Беседа с Дон-Кихотом побудила Андрея сильнее задуматься над вопросом: какие разумные доводы в свою защиту может выставить богословие?
Ответ Андрей стал искать в тех богословских науках, которые они изучали. Среди других предметов был у них курс «основного богословия». Его преподавал один из ведущих богословов, доцент, священник Василий Преображенский. Окончив перед революцией духовную академию, отец Василий не стал священником и долгое время работал учителем. Лишь после Великой Отечественной войны он вернулся к церковной деятельности, принял сан священника и стал сперва преподавателем, а затем и доцентом духовной академии и семинарии.
Его предмет знакомил воспитанников духовной школы с основными богословскими понятиями. Составной частью основного богословия была «христианская апологетика», то есть обоснование истинности христианской религии с позиции разума и науки, а также доказательство преимущества христианства перед другими религиями.
Преподавал свой предмет отец Василий не в пример своим коллегам живо, увлекательно, по крайней мере настолько, насколько позволяла богословская тематика.
Если профессор догматического богословия протоиерей Серафим Савицкий читал материал нудным, старческим голосом, уткнувшись в текст, если доцент церковной истории Иван Николаевич Мурашов даже не давал себе труда объяснить задаваемый урок, а просто отсылал к соответствующей главе учебника, если остальные профессора и преподаватели пересказывали богословские учебники конца прошлого века, то отец Василий излагал семинаристам материал по памяти, никуда не заглядывая, не боясь кое-где вставить шутку. Поэтому он нравился семинаристам. Андрею на первых порах казалось, что сообщаемые отцом Василием истины неоспоримы, и он, как губка, впитывал положения основного богословия, не задумываясь над ними.
Но после разговора с Дон-Кихотом Андрей стал размышлять над материалом. Изучая этот предмет, юноша старался отобрать то, с чем он безусловно соглашался, что считал неоспоримой истиной. К своему удивлению и сожалению, он замечал, что таких положений немного и касаются они главным образом второстепенных вопросов. По основополагающим же проблемам религии давалась неубедительная аргументация, да и она преподносилась в завуалированной туманными фразами форме. За красивыми словами чувствовались теоретическое бессилие и безоговорочная защита христианства, рассчитанные на человека, который уже верит. Доказывалось не столько существование бога, сколько то, чей бог истинный — мусульманский, буддийский или христианский. Не доказывалась возможность чудес с точки зрения науки, а устанавливались отличия чудес истинных от ложных.
«Я-то верю, — думал Андрей, перелистывая свою тетрадь с записями уроков отца Василия. — Ну, а неверующего смогли бы убедить его доводы?

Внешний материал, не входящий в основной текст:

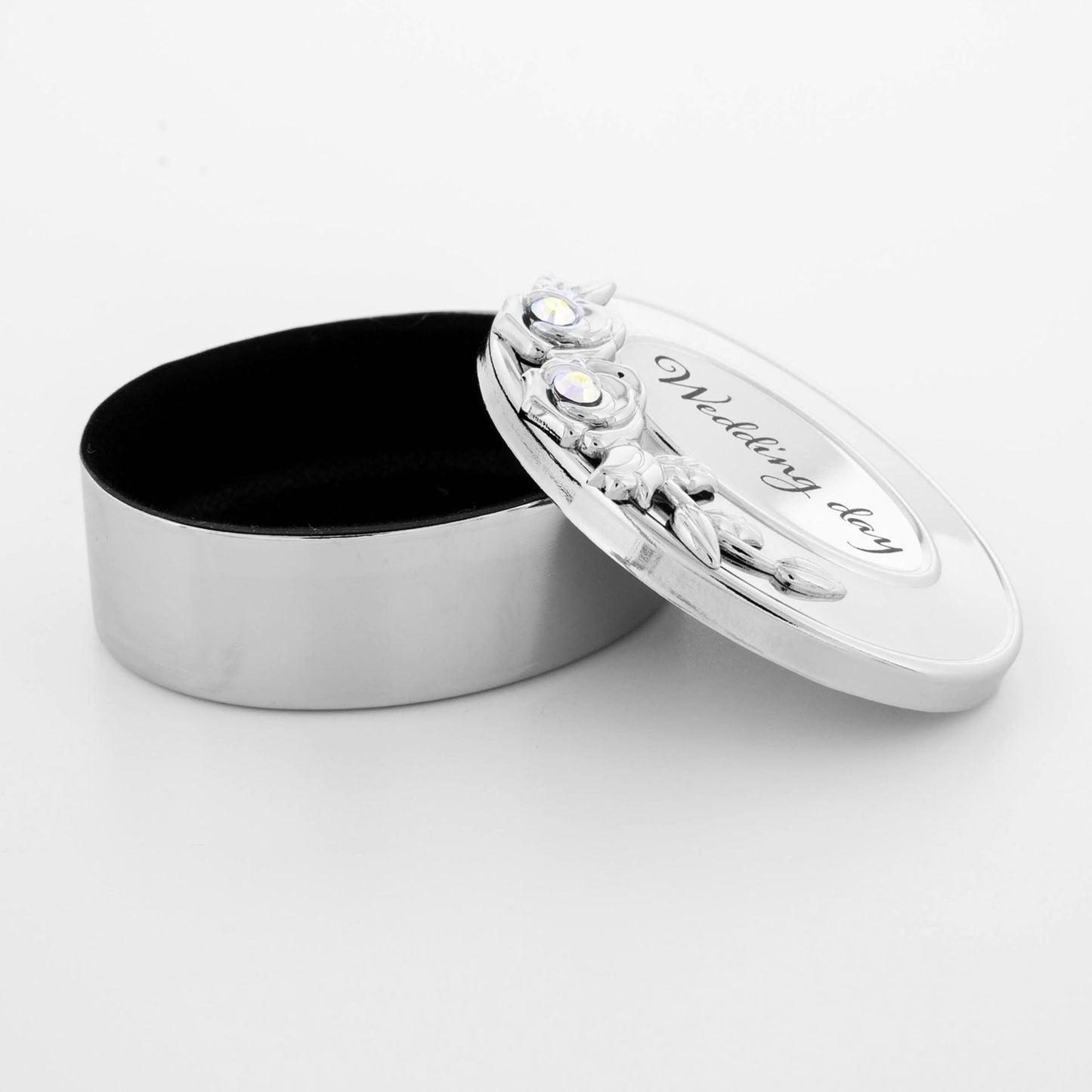 Silver trinket box with 'Wedding day' engraving on a white background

Смогу ли я, сделавшись священником, подобными аргументами обратить какого-нибудь закоренелого безбожника к вере?»
Своими мыслями юноша поделился с Гатукевичем.

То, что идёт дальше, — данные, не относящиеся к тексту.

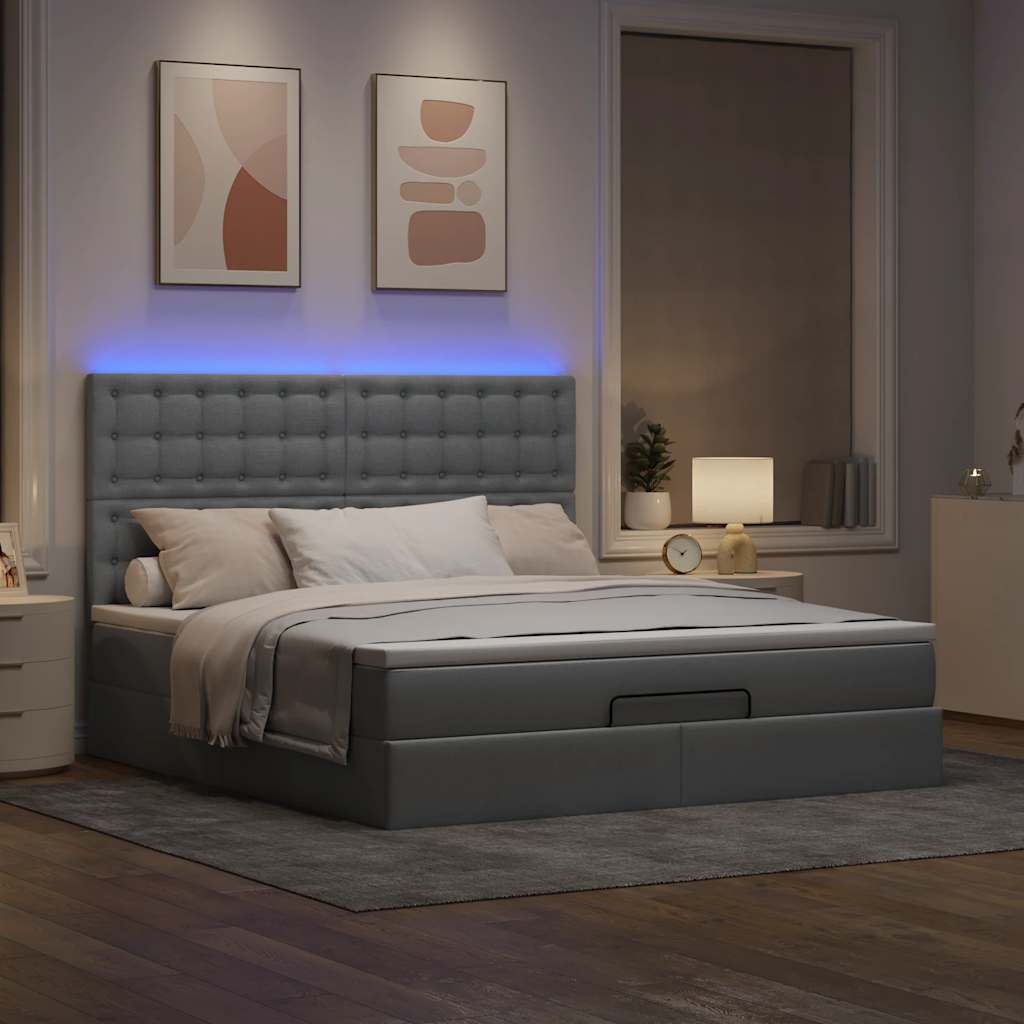 Ottoman bed met matras en LED's 180x200cm stof taupe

— Лева, я имею «нечто рещи тебе».
— Рцы! — ответил Гатукевич.
— Давай устроим богословский диспут!
— Это еще к чему? — удивился священник.
— Мы изучаем основное богословие. Но что от этого толку. Мне сдается, что доводы, которые выдвигает отец Василий, не требуют доказательств лишь для тех, кто верит. А смогут ли они убедить неверующего в правоте религии?
— Трудно сказать, — ответил, поразмыслив, отец Лев. — Неверующего ничем не убедишь. Он упрям как осел.
— Предположим, что так, — с жаром воскликнул Андрей. — Но тогда для чего мы все это учим? Верующих старушек не надо убеждать, они и так верят.
— Мы учим для себя, чтобы укрепиться в вере! — твердо произнес Гатукевич.
— Ты меня знаешь, Лева, я верующий. До поступления сюда я надеялся, что в святилище богословской науки есть факты, доказывающие правоту религии. Но теперь, когда я знакомлюсь с этими фактами, у меня создается впечатление, что слишком уж они наивные…
— Что же ты предлагаешь?
— Я уже сказал: диспут. Один из нас будет выступать, изображая неверующего, другой, основываясь на лекциях отца Василия, опровергать атеиста. Посмотрим, что из этого получится.
— Вообще-то сие интересно… Давай. Пойдем в свободную аудиторию и сразимся.
— Пошли. Поскольку ты у нас ученый муж, философ, изобрази заядлого скептика и выкладывай все, что знаешь против религии, я же буду защищать ее. Погоди, я сбегаю за тетрадкой, в которой записаны уроки отца Василия.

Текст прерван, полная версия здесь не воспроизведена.